Apart from the pictures, everything in the lines below must be printed exactly.

== STORED DATA ==

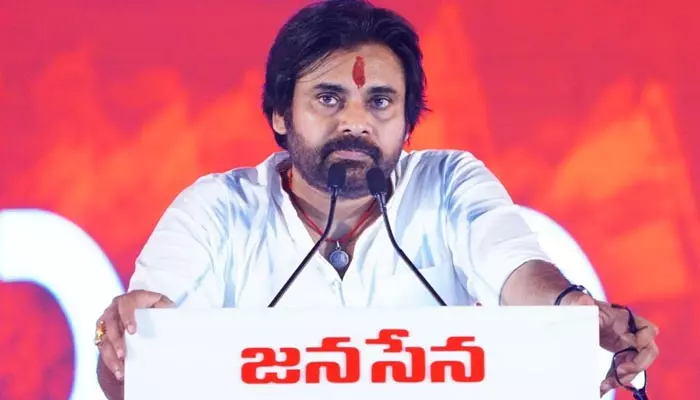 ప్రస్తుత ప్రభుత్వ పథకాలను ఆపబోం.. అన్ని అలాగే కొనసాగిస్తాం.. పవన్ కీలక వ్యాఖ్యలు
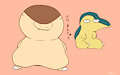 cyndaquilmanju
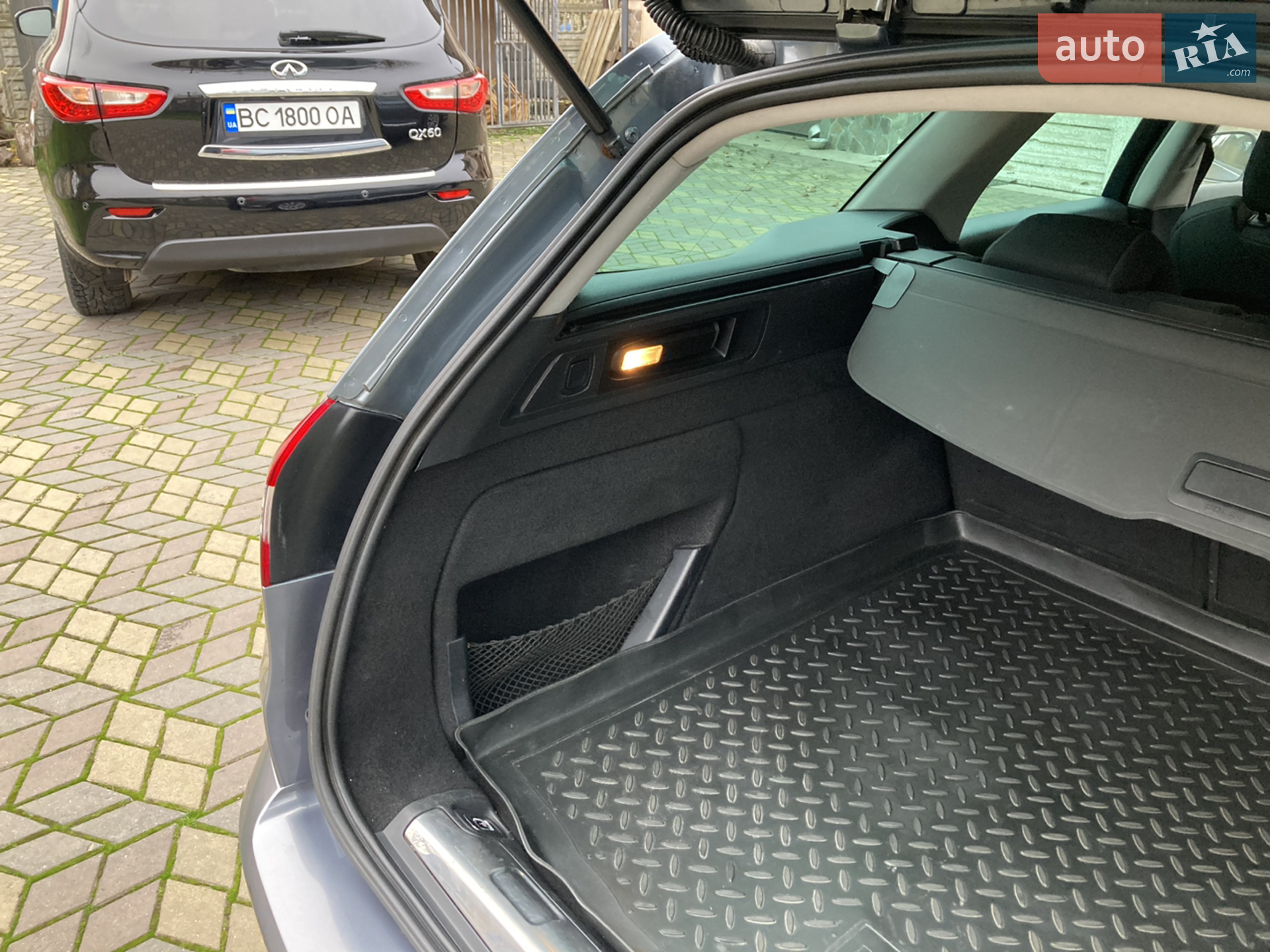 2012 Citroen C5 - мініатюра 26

===

* _TASK RESULT_
 ప్రస్తుత ప్రభుత్వ పథకాలను ఆపబోం.. అన్ని అలాగే కొనసాగిస్తాం.. పవన్ కీలక వ్యాఖ్యలు
 cyndaquilmanju
 2012 Citroen C5 - мініатюра 26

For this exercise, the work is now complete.